Major League Baseball’s “Steroid Era” of the 1990s is over, but what should we make of the athletes who played during that time and the records they set? And, how should we consider and handle performance-enhancing drugs (PEDs) today and in the future? At an event co-presented by Arizona State University at Scottsdale’s Clayton on the Park, a panel of baseball insiders offered their observations and opinions.
USA Today baseball columnist Bob Nightengale, the evening’s moderator, asked the panelists whether they qualify statistics based on whether or not the numbers were posted in the era of drugs.
Retrosheet founder David W. Smith, who collects extensive play-by-play data, said he’s not nearly as bothered by the question of drug use as other people. “Is it true that taking steroids made people hit baseballs further?” he asked. Steroids add strength and give people big muscles. But their effect on performance hasn’t been adequately tested or scientifically proven.
It’s not just about muscles, said Barry Axelrod, a longtime agent for baseball players who is currently a special assistant to the general manager of the Arizona Diamondbacks. Performance-enhancing drugs also allow athletes to recover more quickly. And in the case of human growth hormone (HGH), a side effect is increased visual acuity. One argument in defense of Barry Bonds was that he saw the ball better than everyone else. But that excellent vision could have been thanks to the drugs he took.

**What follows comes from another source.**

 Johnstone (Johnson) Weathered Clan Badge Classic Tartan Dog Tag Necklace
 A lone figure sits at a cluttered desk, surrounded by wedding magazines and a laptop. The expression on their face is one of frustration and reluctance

Smith said that his biggest concern when it comes to PEDs is teenage athletes who emulate pro players’ drug use. “You’ve got a bunch of 15-year-olds who are never going to be professional baseball players who are taking this stuff that is demonstrably horrible for them,” he said.
Axelrod said that in the mid-1990s, young people were surveyed on whether they’d take a substance that would help earn them a spot on an Olympic team or a college scholarship—and would also take 10 years off their lives. They overwhelmingly answered yes. This is compounded by pressure from parents and coaches who urge them to do whatever it takes to succeed.
Nightengale said that pros aren’t immune to this phenomenon. Cy Young-winning closer Eric Gagne—who’s admitted to using HGH—could throw in the high 90s for five or six days in a row. And so trainers would tell players that taking HGH correctly could be good for you—that it could keep your body from breaking down.
Nightengale said he first saw evidence of Major League Baseball’s “drug epidemic” in the late 1980s.
But well before they used steroids, players were taking amphetamines, said Mickey Mantle and Sandy Koufax biographer Jane Leavy. “There’s always been something that someone’s been willing to take, and it was sanctioned by Major League Baseball and the teams,” she said. And while the perception of the game has been changed forever by drugs, she said, the statistics have reverted to where they were before the 1998 baseball season, when Mark McGwire and Sammy Sosa battled for the home run record.
Smith said, however, that the statistical evidence doesn’t point to a particular year when drugs changed the sport. The 10-year period with the greatest increase in runs per game started not in the 1990s but in the 1950s. You have to look at long-term trends—not cherry-pick single seasons.
Nightengale said that offensive statistics don’t tell the whole story, either: Pitchers were using drugs just as much as hitters. “I have a Hall of Fame vote,” he said, “and I vote for the steroid guys, because it was almost a level playing field.” We don’t know who was doing what. We just know who got caught, he said.
The guys who get caught—and who get the most press for their drug use—are Barry Bonds, Alex Rodriguez, and Roger Clemens. “They’re not easy men to deal with,” said Smith. That doesn’t necessarily make them guilty.
“I don’t have a vote, and I wouldn’t vote for any of them,” said Leavy—not a single one of the players who admitted drug use or were named in the Mitchell report on PEDs in baseball. “I think there should be a hall of shame for those guys,” she said.
But there’s a gray area, said Axelrod—players like the catcher Mike Piazza, who has never been implicated in drug use but about whom people speculate.
Barry Bonds, said Nightengale, was a number-one draft pick and one of the greatest players who ever lived; Piazza was a 62nd-round pick who later got huge and hit enormous home runs. Why does Piazza get a pass?
And the other question: Is all drug use created equal? Axelrod said that one of his clients was struggling to recover from an injury in the midst of a pennant race. A teammate offered him something to help him get better; he declined the first time but later said yes—and took the drugs just once. Axelrod added that he makes a distinction between former Yankee pitchers Andy Pettitte, who took drugs to try to recover from injury, and Roger Clemens, who took drugs to enhance and extend his career.
Even now, said Nightengale, we don’t know who’s clean or dirty.
“If you flunk a drug test these days,” said Axelrod, “you haven’t flunked a drug test. You’ve flunked an IQ test.”